Untuk cepat sampai ketujuan memang dengan kendaraan. Untuk cepat sampai kepada Allah dengan berjalan kaki (Bayan Masyaikh)

Tertib Jama’ah Jalan Kaki

MAKSUD DAN TUJUAN

1. Mencari keridhoan Allah SWT

2. Untuk menghidupkan amal masjid di daerah-daerah yang tidak terjangkau oleh jamaah biasa, supaya ada suasana agama

3. Untuk mengurangi kemurkaan Allah SWT dan mempercepat turunnya rahmat Allah

4. Untuk menghayati kehidupan Nabi SAW dan para Sahabat RA, karena yang paling mendekati jalannya Nabi SAW dan para Sahabat RA adalah Jama’ah jalan kaki

5. Untuk mendapatkan sifat-sifat da’i yang sempurna, yaqin, taqwa, tawakkal, tawadhu, zuhud, sabar, qona’ah, ikhlas dan istikhlas

6. Untuk melatih sifat berkorban

7. Untuk belajar kerja dakwah dan menjadikan dakwah maksud hidup

8. Agar lebih cepat tercapainya maksud yaitu memperbaiki diri, jamaah cash dan menghidupkan amal masjid

9. Dengan kendaraan lebih cepat mencapai tujuan, sedangkan dengan jalan kaki lebih cepat menuju Allah

10. Jama’ah jalan kaki bukan jama’ah yang kurang biaya.

RUTE JAMAAH

1. Ditentukan dari markaz

2. Jama’ah diberangkatkan bayan hidayah dari markaz yang telah di setujui oleh Syuro Indonesia

3. Jama’ah senantiasa dinusroh dari markaz pusat / markaz daerah

4. Jama’ah diberi bayan hidayah/wabsyi di markaz tempat jama’ah tersebut di beri bayan hidayah berangkat

5. Untuk sementara jama’ah jalan kaki 4 bulan dikeluarkan dalam provinsi masing-masing, apabila melebihi target dapat dikeluarkan di luar provinsi

6. Berjalan dua-dua yang masih terlihat mata dan tidak bergerombol atau terlalu jauh berpencar

7. Jika hujan, berhenti dan berteduh

8. Masjid-masjid tempat kepindahan boleh dikhususi boleh juga tidak, kalau dikhususi, boleh disiapkan 2 atau 3 masjid, tapi jika tidak dikhususi, bila nanti sampai ditempat tujuan agar segera dikhususi

9. Jika didalam suatu kampung terdapat masjid dan musholla, diutamakan datang ke masjid (tempat yang paling ramai)

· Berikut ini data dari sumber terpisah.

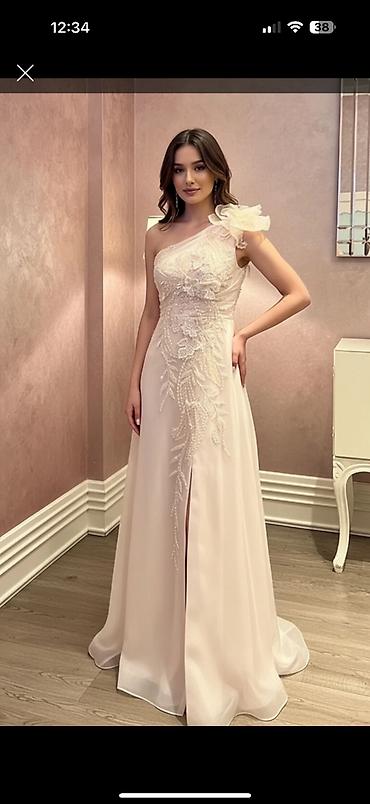 givenchy: S razmerdir. 1500 AZN-ə atelyedə xüsusi tikdirilib, cəmi 1 dəfə — 1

10. Perpindahan jama’ah dilakukan pada pagi hari agar program sempurna dapat dibuat (ta’lim pagi tepat waktu).

11. Lamanya disetiap masjid tergantung takazza (tidak mengejar jarak dan waktu)

12. Untuk memudahkan kontrol, setiap masjid yang dikunjungi hanya 2 hari, jika melalui kota mengikut kepentingan 3 atau 4 hari (dengan musyawaroh), kalau tidak maka jama’ah sulit dikontrol (jama’ah hilang)

13. Kalau ada tasykilan 1 jama’ah penuh (lebih dari 6 orang) untuk masa kurang dari 7 hari agar dikeluarkan terpisah, tidak digabung dengan jama’ah induk, tetapi dikeluarkan tidak terlalu jauh dari jama’ah induk. Jika lebih dari 7 hari atau terus 40 hari, jama’ah tasykilan dikirm ke markaz terdekat

14. Dianjurkan untuk membawa tenda

15. Bila istirahat dalam perjalanan, segera buat amalan (misalnya ta’lim)

Doa orang Musafir adalah Maqbul disisi ALLAH.